Memenuhi Kebutuhan Daging Eksport

Menurut Koswara (1998 ) dan Manual Kesmavet (1993) RPH yang dipergunakan untuk memenuhi kebutuhan daging eksport harus memenuhi persyaratan seperti pada RPH untuk memenuhi kebutuhan antar Dati I ditambah dengan:
a.       Mempunyai ruang pendingin yang dilengkapi dengan pintu pengaman dari bahan tidak berkarat serta pengatur sushu.
b.      Mempunyai ruang pelepasan daging dari tulang dengan temperatur 10oC.
c.       Mempunyai ruang pembungkusan, pewadahan dan penandaan produk akhir.
d.      Mempunyai laboratorium yang juga dapat dipergunakan untuk pemeriksaaan hormon.
e.       Mempunyai ruang untuk ganti pakaian, locker, ruang istirahat karyawan serta kantin.
f.        Mempunyai kendaraan angkutan khusus yang harus dilengkapi dengan alat pendingin atau pengatur suhu.
4.  Usaha Pemotongan Hewan
Menurut Kesmavet (1993) usaha pemotongan hewan dapat dilaksanakan oleh perorangan WNI atau badan yang didirikan menurut hukum di Indonesia. Usaha Pemotongan Hewan didasarkan pada luasan peredaran daging yang dihasilkan dan diatur dalam SK Menteri Pertanian Nomer: 555/Kpts/TN.240/9/1986. Adapun usaha pemotongan hewan tersebut terbagi menjadi.
a.       Kelas A :  penyediaan daging untuk kebutuhan ekspor.
b.      Kelas B: penyediaan daging untuk kebutuhan antar propinsi Daerah Tingkat 1.
c.       Kelas C: penyediaan daging untuk kebutuhan antar kabupaten/ Kotamadya Daerah Tingkat II di dalam satu Propinsi Daerah Tingkat I.
d.      Kelas D : penyediaan daging untuk kebutuhan di dalam wilayah Kabupaten/ Kotamadya Daerah Tingkat II yang bersangkutan.

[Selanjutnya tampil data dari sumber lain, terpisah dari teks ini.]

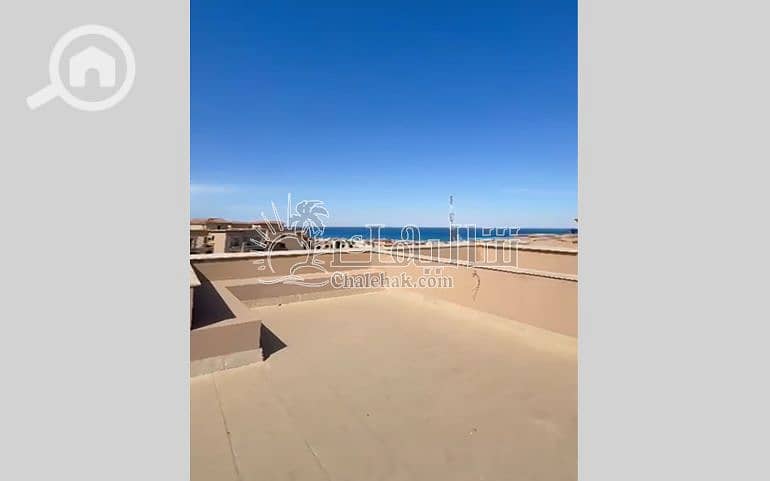 4 شالية-للبيع-منتجع-لاجونا-باى-العين-السخنة-chalet-for-sale-laguna-bay-resort-ain-sokhna- (14). JPG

Usaha pemotongan hewan menurut  kegiatan usaha pemotongan hewan terdiri dari tiga kategori:
a.       Kategori I: Kategori melaksanakan pemotongan hewan milik sendiri di rumah pemotongan hewan milik sendiri.
b.      Kategori II : Kegiatan menjual jasa pemotongan hewan atau  melaksanakan pemotongan hewan milik orang lain
c.       Kategori III : Kegiatan melaksanakan pemotongan hewan pada rumah pemotongan hewan milik orang lain.
5.      Ijin Usaha Pemotongan Hewan
Menurut Manual Kesmavet (1993)  ijin usaha pemotongan hewan diatur dalam SK Menteri Petanian Nomer: 555/Kpts/TN.240/9/1986. Setiap orang yang melaksanakan usaha pemotongan hewan harus memperoleh izin usaha dari:
a.       Direktur Jenderal Peternakan, sepanjang mengenai usaha pemotongan hewan kelas A dan kelas B.
b.      Gubernur Kepala Daerah Tingkat I, sepanjang usaha pemotongan kelas C.
c.       Bupati atau Walikota Kepala Daerah Tingkat II, sepanjang usaha pemotongan hewan kelas D.


Ijin usaha pemotongan hewan diberikan untuk skala tertentu, yaitu:

a.       Untuk usaha pemotongan hewan kategori I dengan menetapkan kapasitas pemotongan hewan dari rumah potong hewan yang digunakan dan maksimum jumlah hewan yang dipotong perbulan.
b.      Untuk ijin usaha pemotongan hewan kategori II dengan menetapkan kapasitas pemotongan hewan dari rumah potong hewan yang digunakan.
c.       Untuk usaha pemotongan hewan kategori I dan II dengan menetapkan kapasitas pemotongan hewan dari rumah potong hewan yang digunakan dan maksimum jumlah hewan sendiri yang  yang diijinkan untuk dipotong perbulan.
d.      Untuk usaha pemotongan hewan kategori III dengan menetapkan kapasitas pemotongan hewan dari rumah potong hewan yang digunakan dan maksimum jumlah hewan yang dipotong perbulan.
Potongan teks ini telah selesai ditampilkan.